The high single-core portion that you’re seeing in your code probably comes from the end phase of the algorithm (the “join” phase), where the parallel results are collated into a single data structure. Since this far surpasses the parallel computation phase, this may indeed be an indication that fewer cores could be beneficial.
I'd add that in case you are not aware of this wonderful resource for parallel computing in R, you may find reading Norman Matloff's recent book Parallel Computing for Data Science: With Examples in R, C++ and CUDA a very helpful read. I'd highly recommend it (I learnt a lot, not coming from a CS background).
The book answers your question in depth (Chapter 2 specifically).
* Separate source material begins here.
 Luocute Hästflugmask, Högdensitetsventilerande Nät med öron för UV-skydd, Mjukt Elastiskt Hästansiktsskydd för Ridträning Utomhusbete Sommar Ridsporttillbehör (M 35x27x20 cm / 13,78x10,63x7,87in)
The book gives a high level overview of the causes of overhead that lead to bottlenecks to parallel programs.
Quoting section 2.1, which implicitly partially answers your question:
There are two main performance issues in parallel programming:
Communications overhead: Typically data must be transferred back and
forth between processes. This takes time, which can take quite a toll
on performance. In addition, the processes can get in each other’s way
if they all try to access the same data at once. They can collide when
trying to access the same communications channel, the same memory
module, and so on. This is another sap on speed. The term granularity
is used to refer, roughly, to the ratio of computa- tion to overhead.
Large-grained or coarse-grained algorithms involve large enough chunks
of computation that the overhead isn’t much of a problem. In
fine-grained algorithms, we really need to avoid overhead as much as
possible.
^ When overhead is high, less cores for the problem at hand can give shorter total computation time.
Load balance: As noted in the last chapter, if we are not
careful in the way in which we assign work to processes, we risk
assigning much more work to some than to others. This compromises
performance, as it leaves some processes unproductive at the end of
the run, while there is still work to be done.
When if ever do not use all cores? One example from my personal experience in running daily cronjobs in R on data that amounts to 100-200GB data in RAM, in which multiple cores are run to crunch blocks of data, I've indeed found running with say 6 out of 32 available cores to be faster than using 20-30 of the cores. A major reason was memory requirements for children processes (After a certain number of children processes were in action, memory usage got high and things slowed down considerably).

Whether to use the detectCores function in R to specify the number of cores for parallel processing?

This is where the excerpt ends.